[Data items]
_ _ _

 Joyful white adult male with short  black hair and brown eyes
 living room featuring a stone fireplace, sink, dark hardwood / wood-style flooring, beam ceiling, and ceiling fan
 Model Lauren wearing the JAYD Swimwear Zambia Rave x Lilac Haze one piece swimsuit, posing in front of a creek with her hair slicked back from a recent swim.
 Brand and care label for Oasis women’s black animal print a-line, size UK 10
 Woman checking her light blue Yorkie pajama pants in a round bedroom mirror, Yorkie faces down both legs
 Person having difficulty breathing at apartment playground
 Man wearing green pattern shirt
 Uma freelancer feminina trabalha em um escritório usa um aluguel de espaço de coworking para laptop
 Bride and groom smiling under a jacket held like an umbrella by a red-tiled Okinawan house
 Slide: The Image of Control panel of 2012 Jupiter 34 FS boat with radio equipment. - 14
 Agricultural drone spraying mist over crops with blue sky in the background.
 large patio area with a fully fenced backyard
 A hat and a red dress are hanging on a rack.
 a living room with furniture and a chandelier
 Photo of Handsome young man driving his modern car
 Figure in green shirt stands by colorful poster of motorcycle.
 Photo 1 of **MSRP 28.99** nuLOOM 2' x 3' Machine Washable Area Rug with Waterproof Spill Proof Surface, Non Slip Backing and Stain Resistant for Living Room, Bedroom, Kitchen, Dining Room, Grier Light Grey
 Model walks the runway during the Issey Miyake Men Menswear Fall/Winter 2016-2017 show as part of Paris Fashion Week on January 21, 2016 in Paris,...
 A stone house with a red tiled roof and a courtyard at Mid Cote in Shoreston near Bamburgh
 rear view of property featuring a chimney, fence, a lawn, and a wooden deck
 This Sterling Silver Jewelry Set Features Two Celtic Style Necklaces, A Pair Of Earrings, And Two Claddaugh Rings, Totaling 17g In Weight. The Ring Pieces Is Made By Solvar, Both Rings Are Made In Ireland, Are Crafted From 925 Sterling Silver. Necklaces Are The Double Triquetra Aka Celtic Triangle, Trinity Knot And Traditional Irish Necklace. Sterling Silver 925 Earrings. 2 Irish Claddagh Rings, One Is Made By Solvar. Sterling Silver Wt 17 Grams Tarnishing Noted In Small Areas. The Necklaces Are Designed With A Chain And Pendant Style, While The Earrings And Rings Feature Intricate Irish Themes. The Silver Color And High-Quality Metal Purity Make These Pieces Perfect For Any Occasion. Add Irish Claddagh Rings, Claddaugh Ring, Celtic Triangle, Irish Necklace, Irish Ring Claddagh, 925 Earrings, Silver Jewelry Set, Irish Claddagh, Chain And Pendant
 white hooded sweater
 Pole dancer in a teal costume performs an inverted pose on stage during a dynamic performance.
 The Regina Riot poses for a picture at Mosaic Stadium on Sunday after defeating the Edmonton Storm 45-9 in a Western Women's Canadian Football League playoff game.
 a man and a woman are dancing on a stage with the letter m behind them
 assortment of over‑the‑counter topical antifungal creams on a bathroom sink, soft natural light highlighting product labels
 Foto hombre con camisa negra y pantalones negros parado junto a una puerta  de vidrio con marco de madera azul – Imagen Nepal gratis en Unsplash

_ _ _

What is needed =
Retype the entries exactly, including every line.

Problem solution =
 Joyful white adult male with short  black hair and brown eyes
 living room featuring a stone fireplace, sink, dark hardwood / wood-style flooring, beam ceiling, and ceiling fan
 Model Lauren wearing the JAYD Swimwear Zambia Rave x Lilac Haze one piece swimsuit, posing in front of a creek with her hair slicked back from a recent swim.
 Brand and care label for Oasis women’s black animal print a-line, size UK 10
 Woman checking her light blue Yorkie pajama pants in a round bedroom mirror, Yorkie faces down both legs
 Person having difficulty breathing at apartment playground
 Man wearing green pattern shirt
 Uma freelancer feminina trabalha em um escritório usa um aluguel de espaço de coworking para laptop
 Bride and groom smiling under a jacket held like an umbrella by a red-tiled Okinawan house
 Slide: The Image of Control panel of 2012 Jupiter 34 FS boat with radio equipment. - 14
 Agricultural drone spraying mist over crops with blue sky in the background.
 large patio area with a fully fenced backyard
 A hat and a red dress are hanging on a rack.
 a living room with furniture and a chandelier
 Photo of Handsome young man driving his modern car
 Figure in green shirt stands by colorful poster of motorcycle.
 Photo 1 of **MSRP 28.99** nuLOOM 2' x 3' Machine Washable Area Rug with Waterproof Spill Proof Surface, Non Slip Backing and Stain Resistant for Living Room, Bedroom, Kitchen, Dining Room, Grier Light Grey
 Model walks the runway during the Issey Miyake Men Menswear Fall/Winter 2016-2017 show as part of Paris Fashion Week on January 21, 2016 in Paris,...
 A stone house with a red tiled roof and a courtyard at Mid Cote in Shoreston near Bamburgh
 rear view of property featuring a chimney, fence, a lawn, and a wooden deck
 This Sterling Silver Jewelry Set Features Two Celtic Style Necklaces, A Pair Of Earrings, And Two Claddaugh Rings, Totaling 17g In Weight. The Ring Pieces Is Made By Solvar, Both Rings Are Made In Ireland, Are Crafted From 925 Sterling Silver. Necklaces Are The Double Triquetra Aka Celtic Triangle, Trinity Knot And Traditional Irish Necklace. Sterling Silver 925 Earrings. 2 Irish Claddagh Rings, One Is Made By Solvar. Sterling Silver Wt 17 Grams Tarnishing Noted In Small Areas. The Necklaces Are Designed With A Chain And Pendant Style, While The Earrings And Rings Feature Intricate Irish Themes. The Silver Color And High-Quality Metal Purity Make These Pieces Perfect For Any Occasion. Add Irish Claddagh Rings, Claddaugh Ring, Celtic Triangle, Irish Necklace, Irish Ring Claddagh, 925 Earrings, Silver Jewelry Set, Irish Claddagh, Chain And Pendant
 white hooded sweater
 Pole dancer in a teal costume performs an inverted pose on stage during a dynamic performance.
 The Regina Riot poses for a picture at Mosaic Stadium on Sunday after defeating the Edmonton Storm 45-9 in a Western Women's Canadian Football League playoff game.
 a man and a woman are dancing on a stage with the letter m behind them
 assortment of over‑the‑counter topical antifungal creams on a bathroom sink, soft natural light highlighting product labels
 Foto hombre con camisa negra y pantalones negros parado junto a una puerta  de vidrio con marco de madera azul – Imagen Nepal gratis en Unsplash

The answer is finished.